What can objects tell us about Superstitions and Folklore in Rural Life?
This resource accompanies the Superstitions and Folklore online exhibition, and explores six themes within the wider contexts of superstitions and folklore:
- Love and friendship
- Witchcraft, magic and the supernatural
- Annual Events
It can also be used to accompany an onsite visit to The MERL.
Themes and topics:
Key Stage 3 – History
- The development of Church, state, and society in Britain (society, economy, and culture across the period: for example, work and leisure in town and country, religion, and superstition in daily life)
- Gain historical perspective by placing growing knowledge into different contexts, understanding the connections between cultural, religious, and social history.

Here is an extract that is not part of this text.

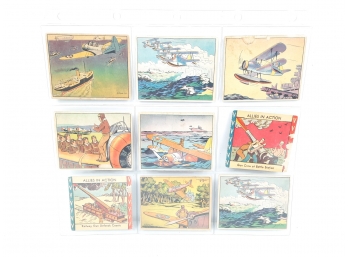 Lot Of 9 Vintage Original Cards - 1941 Uncle Sam Airmen Cards From GUM, Inc. USA (7) & Allies In Action (2)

- Understand the methods of historical enquiry, including how evidence is used rigorously to make historical claims, and discern how and why contrasting arguments and interpretations of the past have been constructed.
SUGGESTED AGE RANGE:
This resource supports students to:
- Ask key questions to explore the objects and themes further and provide a gateway to engaging with contemporary people’s lives and the context in which they lived.
- Have a greater insight into superstition and folklore and how and why they have changed over time.
- Develop their enquiry skills; asking questions about the role of superstition on daily lives in the past and how it compares to their own.
- Be in a position to compare and contrast different objects as evidence of superstition and folklore.